Tiket masuk uluwatu 15ribu rupiah dan itu sudah termasuk mendapatkan kain dan selendang. Bagi wisatawan yang memakai celana atau rok di atas lutut wajib memakai kain sarung sedangkan yang sudah memakai celana atau rok panjang cukup memakai selendang sebagai sarat masuk.  Rute awal yang kami lalui adalah alas kekeran atau hutan suci namun wisatawan sering menyebutnya hutan kera. Di sana memang banyak berkeliaran monyet. Wisatawan diperbolehkan memotho dan memberi makan monyet di sana, namun diminta hati-hati karena kadang monyet disana suka usil merampas barang bawaan pengunjung.
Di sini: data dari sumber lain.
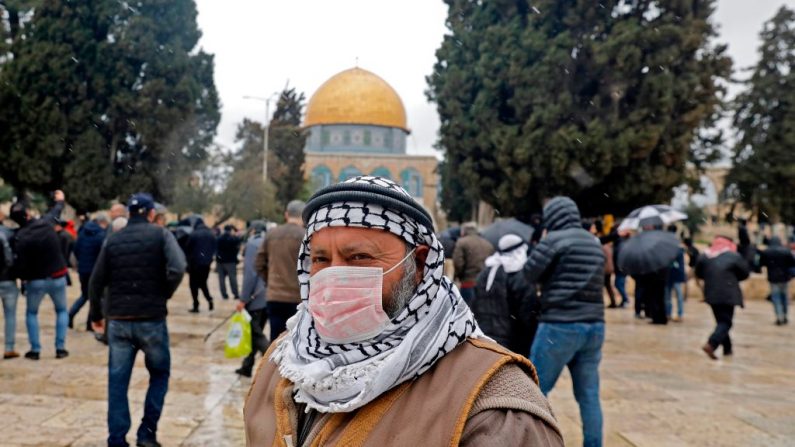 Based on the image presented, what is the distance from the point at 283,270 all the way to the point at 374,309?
4607mm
Tapi tidak usah khawatir karena ada banyak pawang yang berjaga di sana.
Monyet ulu watu sumber aliyamuafa

Setelah melewati hutan kera kita akan mendapati tebing panjang yang telah dibatasi dengan pagar beton untuk keselamatan pengunjung. Dari tebing tersebut kita bisa menikmati keindahan samudra hindia. Laut biru berbatas langit yang indah membentang di cakrawala. Wisatawan bisa menyusuri tebing ini di jalan beton setapak dengan kontur naik turun. Melihat kaki-kaki tebing yang dibelai ombak, melihat eksotisme pura yang berumur ratusan tahun dan asrinya taman serta bangunan etnik yang unik membuatku terpesona.
Tebing Ulu Watu
 
Menyusuri jalan setapak menuju Pura

Memasuki bagian jabaan pura (halaman luar pura), wisatawan akan disambut oleh sebuah gerbang Candi Bentar berbentuk sayap burung yang melengkung. Gerbang yang menjadi pintu masuk menuju jabaan tengah ini merupakan salah satu peninggalan arkeologis abad ke-16. Untuk mencapai bagian dalam pura, kita akan melewati Candi Kurung yang di depannya terdapat patung penjaga candi dengan bentuk arca Ganesha. Namun, wisatawan tidak diperbolehkan memasuki ruang utama pemujaan, untuk menghormati kesucian pura sebab hanya umat Hindu yang akan bersembahyang saja yang diperbolehkan memasukinya. Di dalam ruang utama pura, terdapat sebuah prasada, yaitu tempat moksanya Dang Hyang Nirartha. Sejarah singkat tentang pura ini juga bisa kita baca di prasasti yang ada di sana.

Prasasti Sejarah Ulu watu
Sungguh bali telah berhasil menghipnotisku sejak saat aku pertama berada di pulau indah itu. Bali bukan hanya menjual keeksotisan alamnya, tetapi juga kekentalan budaya, kesakralan tempat peribadatan, dan keramahan penduduknya.